INTERSTICE Architects, led by principal landscape architect Zoee Astrachan and design principal Andrew Dunbar, designed the reconfiguration of the University of San Francisco's John Lo Schiavo, S.J. Center for Science and Innovation. The two-acre site redevelopment had two phases, with the campus walk completed in 2009, and the building and plaza completed in 2013. Looking west from the student union building towards the studio tower, the dome and towers of St. Ignatius Church rise beyond, a reminder of the university's Jesuit Catholic designation. In the evening, the tiered classroom (left) and study spaces beneath the plaza glow, while light levels on the lawn and gardens remain low and focused on the paving and bridge.
Photo: Bruce Damonte

The University of San Francisco was founded in 1855 as St. Ignatius Academy, officially becoming USF in 1930. The Jesuit University is home to more than 10,000 students in the school year that started in fall 2015. INTERSTICE Architects, headquartered in San Francisco, was called upon to reconfigure the landscape of the new John Lo Schiavo, S.J. Center for Science and Innovation (CSI), named after the late president and chancellor of the University.
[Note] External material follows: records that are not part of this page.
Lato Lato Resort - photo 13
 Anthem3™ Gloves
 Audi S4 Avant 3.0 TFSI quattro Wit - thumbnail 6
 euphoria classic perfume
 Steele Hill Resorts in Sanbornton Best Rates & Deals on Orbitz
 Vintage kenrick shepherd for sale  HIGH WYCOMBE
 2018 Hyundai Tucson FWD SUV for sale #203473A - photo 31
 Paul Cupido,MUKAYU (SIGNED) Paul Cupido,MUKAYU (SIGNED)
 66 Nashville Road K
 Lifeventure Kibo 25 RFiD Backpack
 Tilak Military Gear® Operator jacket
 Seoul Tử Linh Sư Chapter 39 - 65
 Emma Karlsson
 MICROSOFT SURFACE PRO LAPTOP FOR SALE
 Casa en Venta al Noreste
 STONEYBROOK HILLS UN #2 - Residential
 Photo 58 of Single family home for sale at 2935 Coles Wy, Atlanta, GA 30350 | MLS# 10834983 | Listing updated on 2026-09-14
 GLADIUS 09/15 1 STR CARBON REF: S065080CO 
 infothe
A transformative landscape approach was used to completely reconfigure the central social hub of the campus, creating a rejuvenated and integrated landscape that connects and enriches as it weaves through the new LEED Gold academic building. The design team determined that this central site would better support the CSI's mission of fostering multidisciplinary collaboration and discovery, and that landscape would bring it together. Limited land at the heart of campus demanded an unprecedented level of integrated project delivery in which the landscape merged with the building to take front stage in the new development.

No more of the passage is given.